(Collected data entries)
Content starts
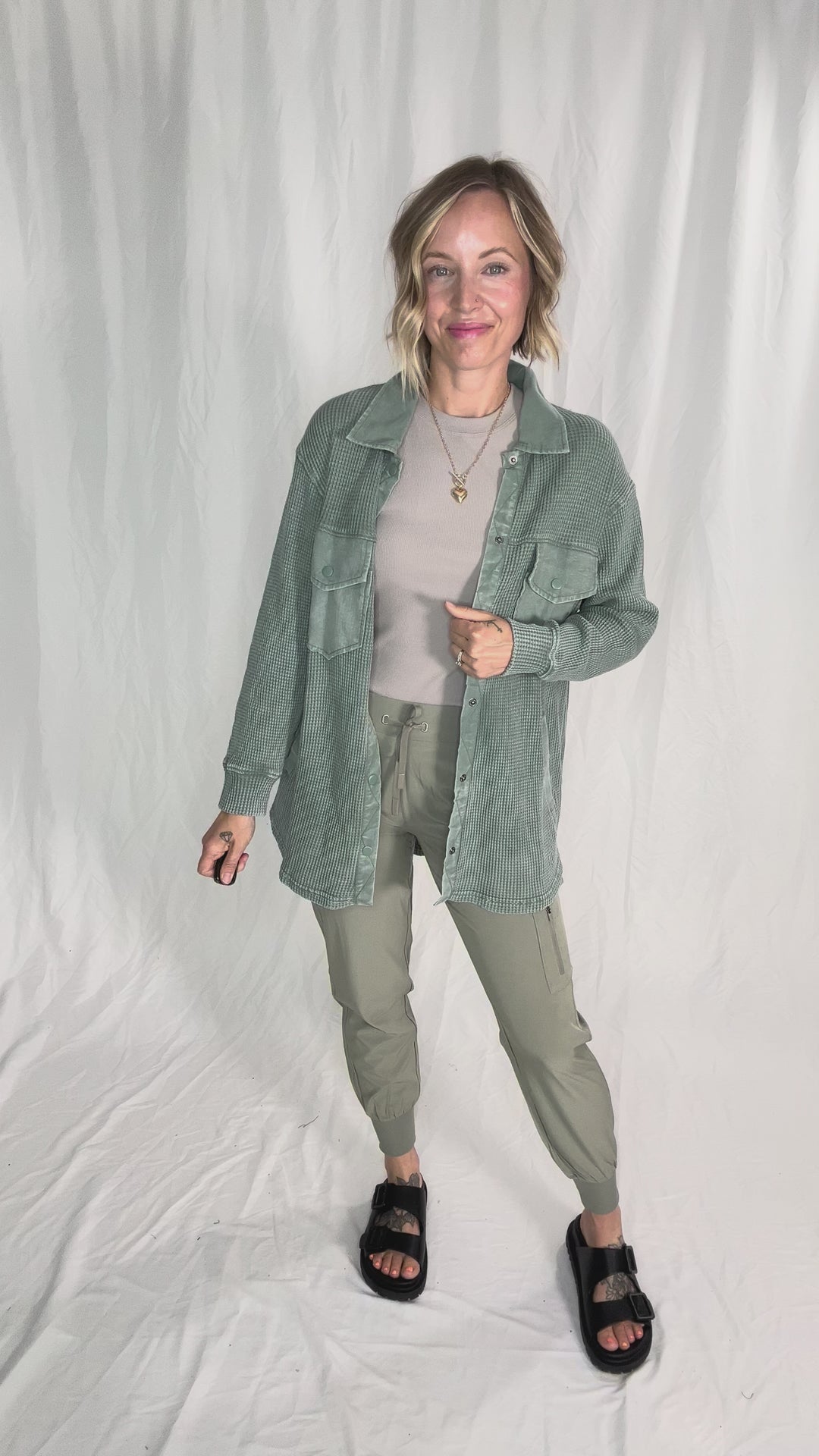 Mono B Marcia Waffle Knit Washed Button Down Jacket- SILKY PINE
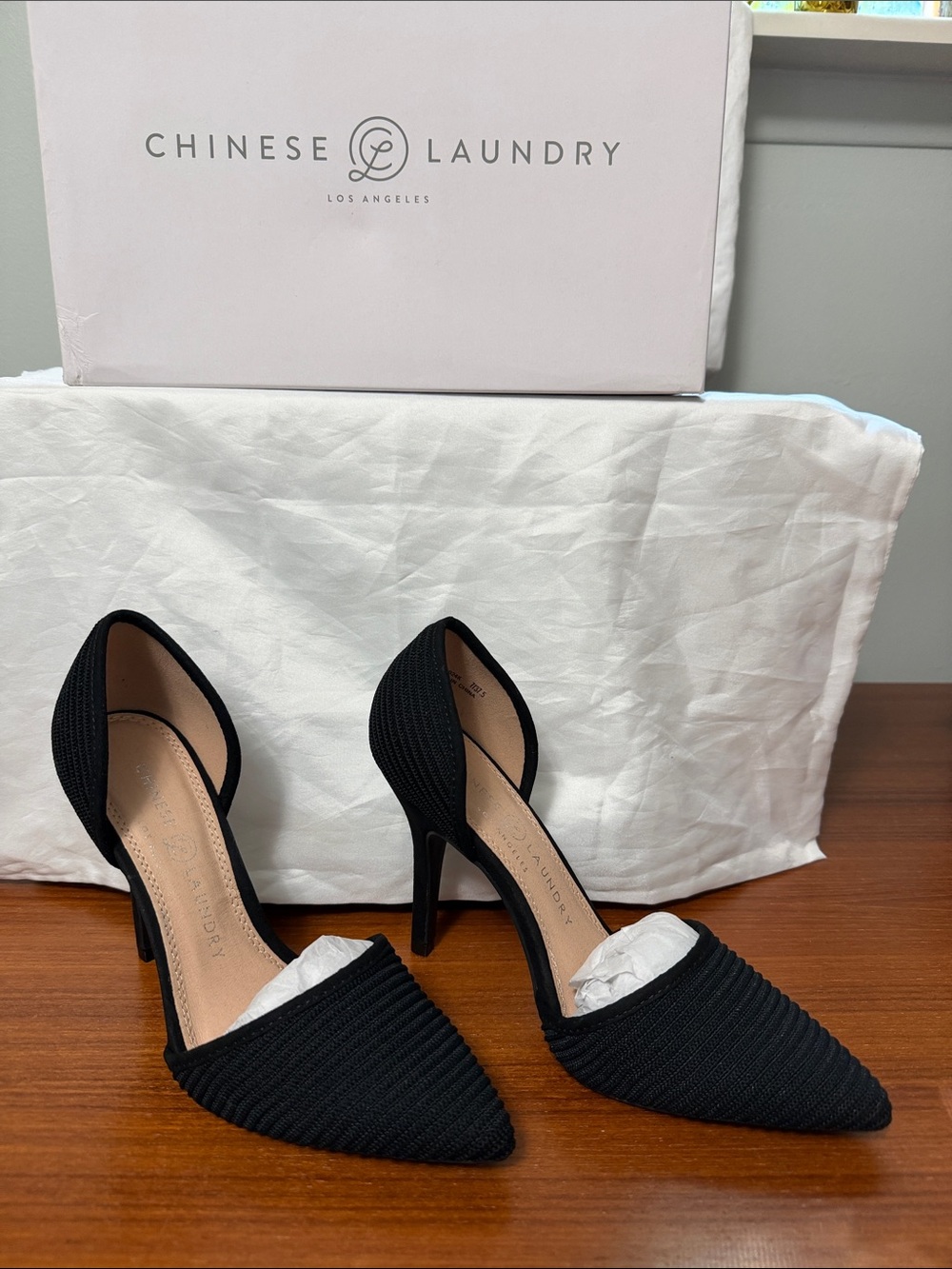 Chinese Laundry Black Pointed D'Orsay Knit Heels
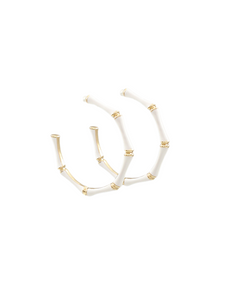 The Large Bamboo Earrings (White)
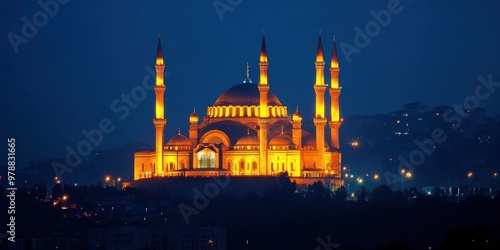 mosque illuminated during Ramadan 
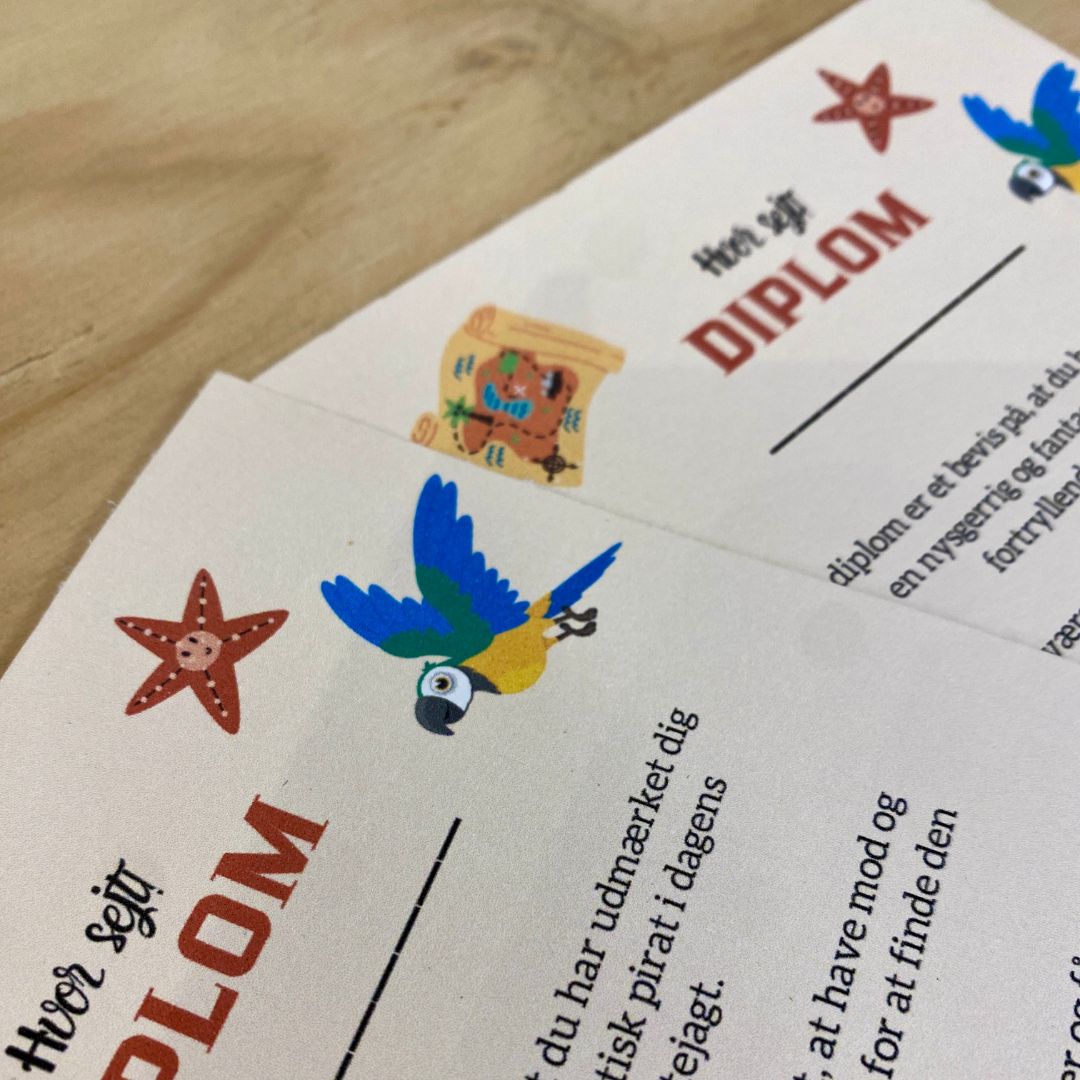 Diplomer der følger med Pirat-skattejagt til børn hos Nordic Simply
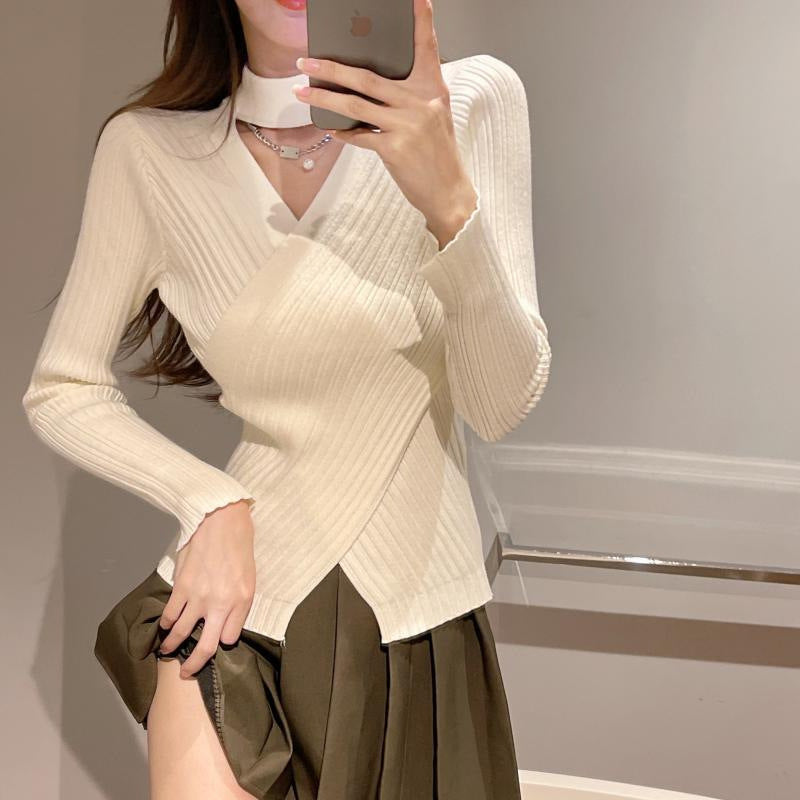 Women's elegant wrap top made of ribbed knit material Lisslune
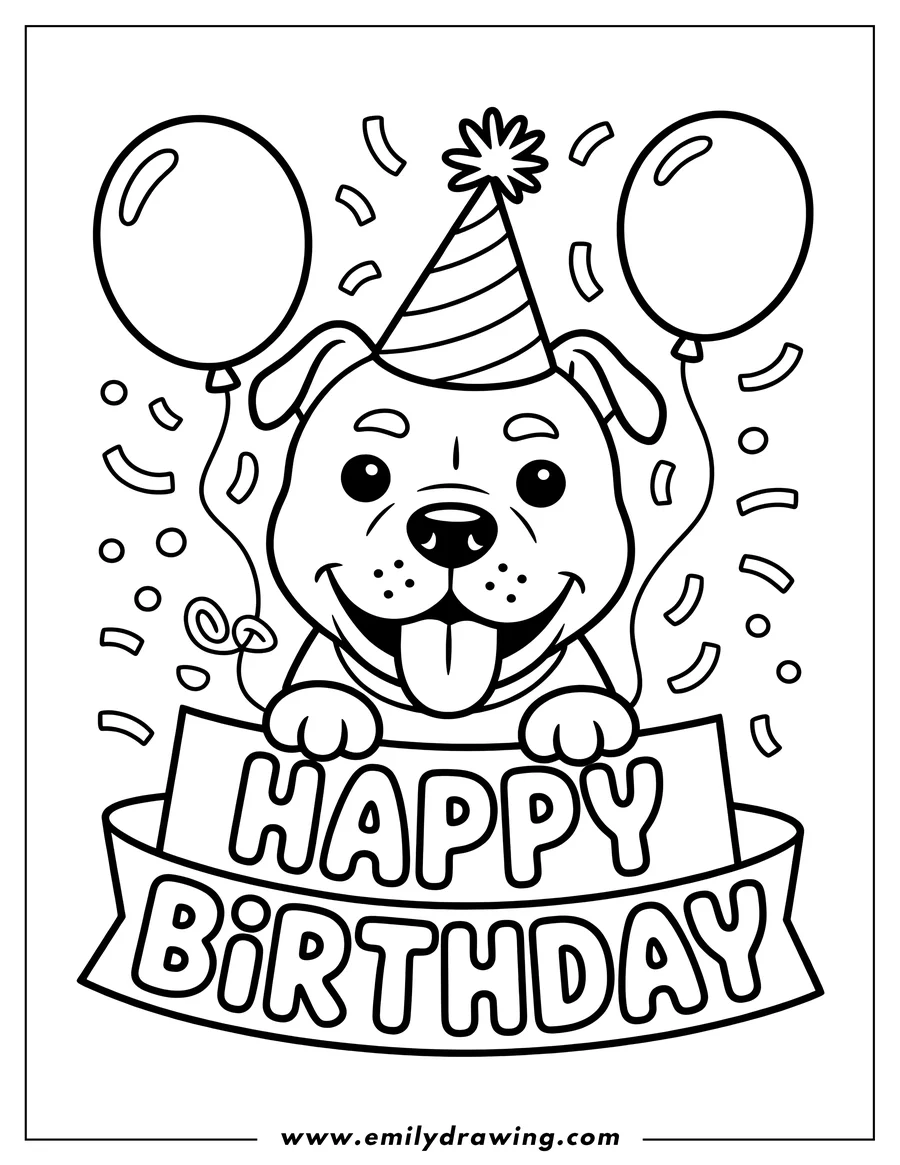 Outline of a cheerful dog wearing a party hat, holding a 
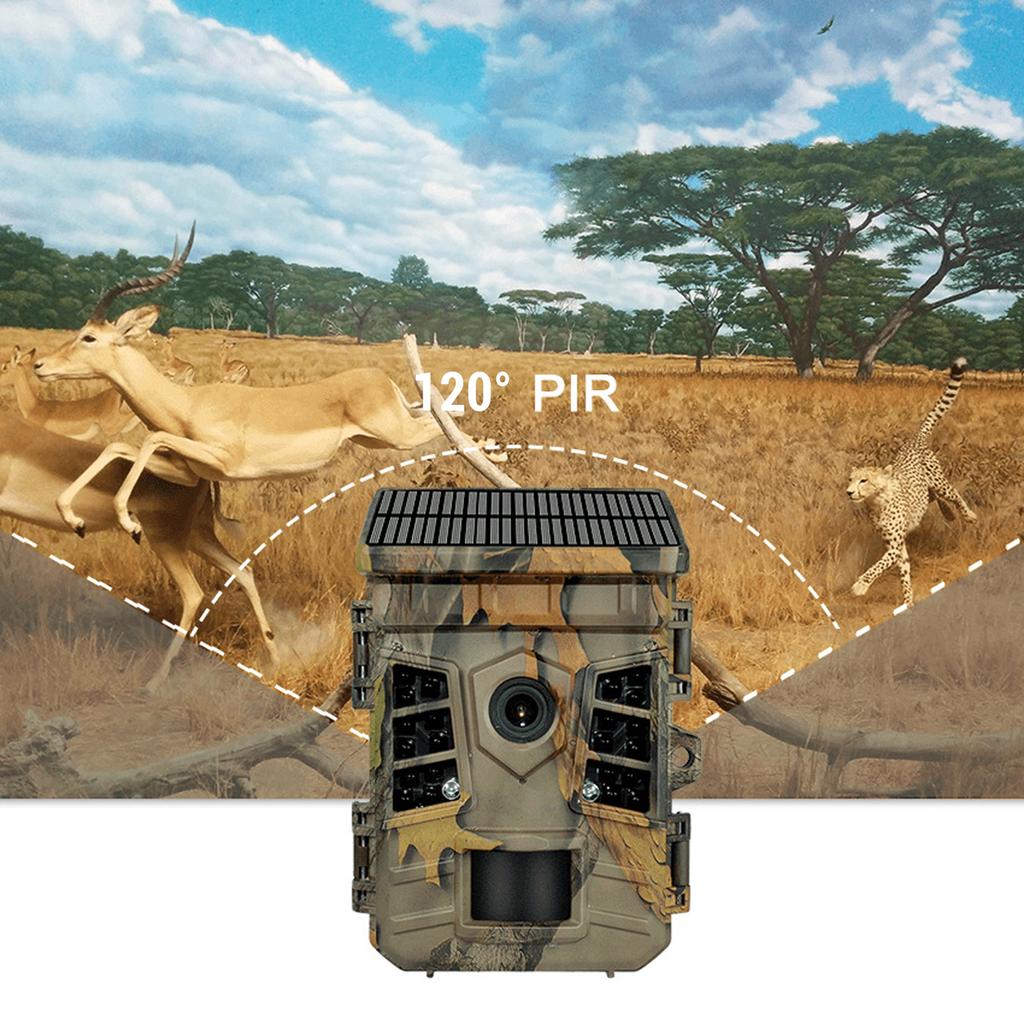 IP66 Trail Camera, Solar Powered Camera with Night , 32MP WiFi Trail Camera for Outdoor Use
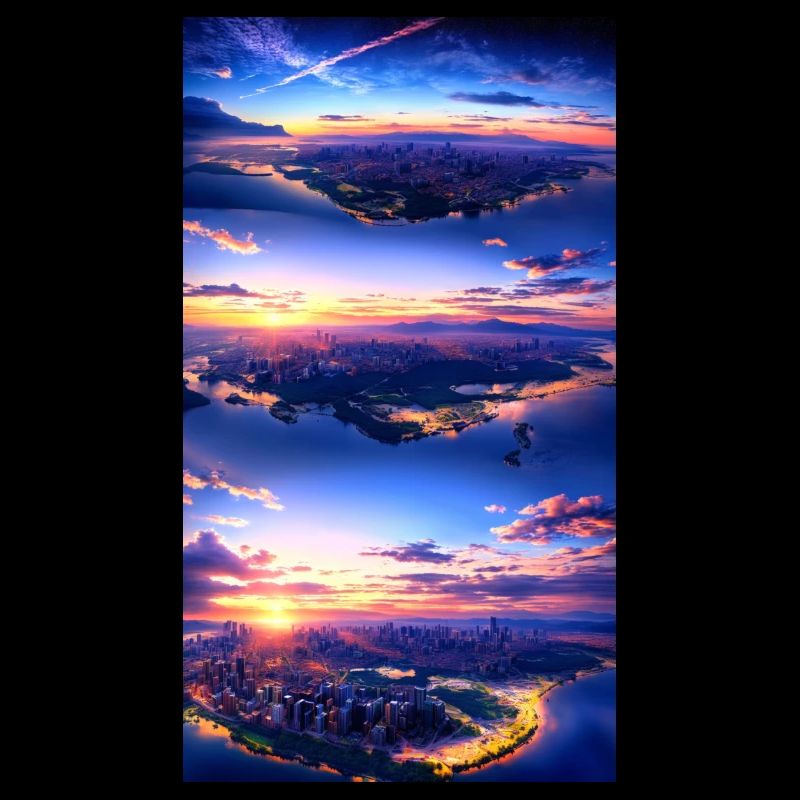 Landschaft mit 4 Bereichen, Generative KI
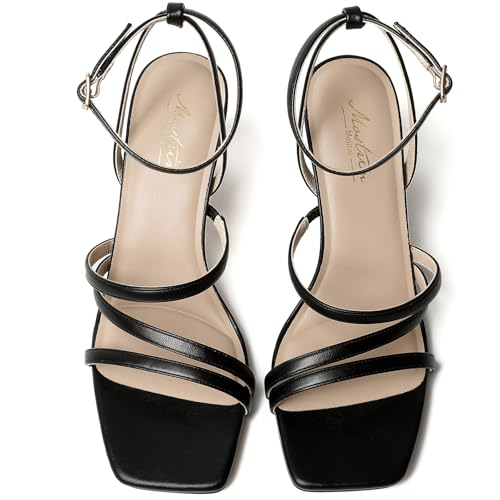 Image of Mostrin Womens Sandals Strappy Heels for Women Ankle Strap Lace Up Heels Square Open Toe Heels Tie Up Stiletto High Heeled Sandals for Prom, Party, Daily Wear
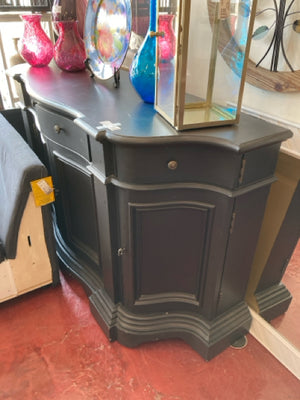 Wood 4 Door 4 Drawer Black Buffet/Sideboard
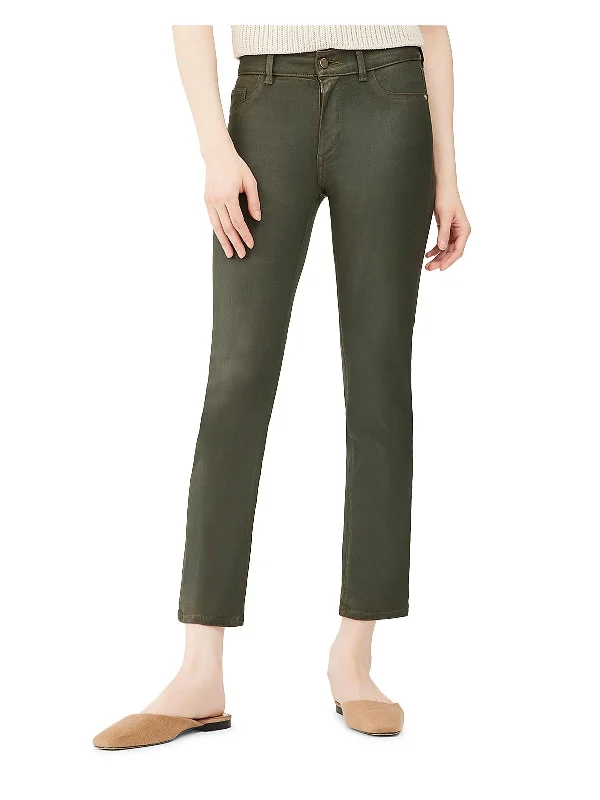 Limited Time Womens Mid-Rise Coated Straight Leg Jeans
Content ends
Task requirements: Retype only the lines above from the one with "Chinese Laundry Black" through the one with "Landschaft mit 4 Bereichen, Generative KI", exactly and with both ends. Images stay out.

Your response:
 Chinese Laundry Black Pointed D'Orsay Knit Heels
 The Large Bamboo Earrings (White)
 mosque illuminated during Ramadan 
 Diplomer der følger med Pirat-skattejagt til børn hos Nordic Simply
 Women's elegant wrap top made of ribbed knit material Lisslune
 Outline of a cheerful dog wearing a party hat, holding a 
 IP66 Trail Camera, Solar Powered Camera with Night , 32MP WiFi Trail Camera for Outdoor Use
 Landschaft mit 4 Bereichen, Generative KI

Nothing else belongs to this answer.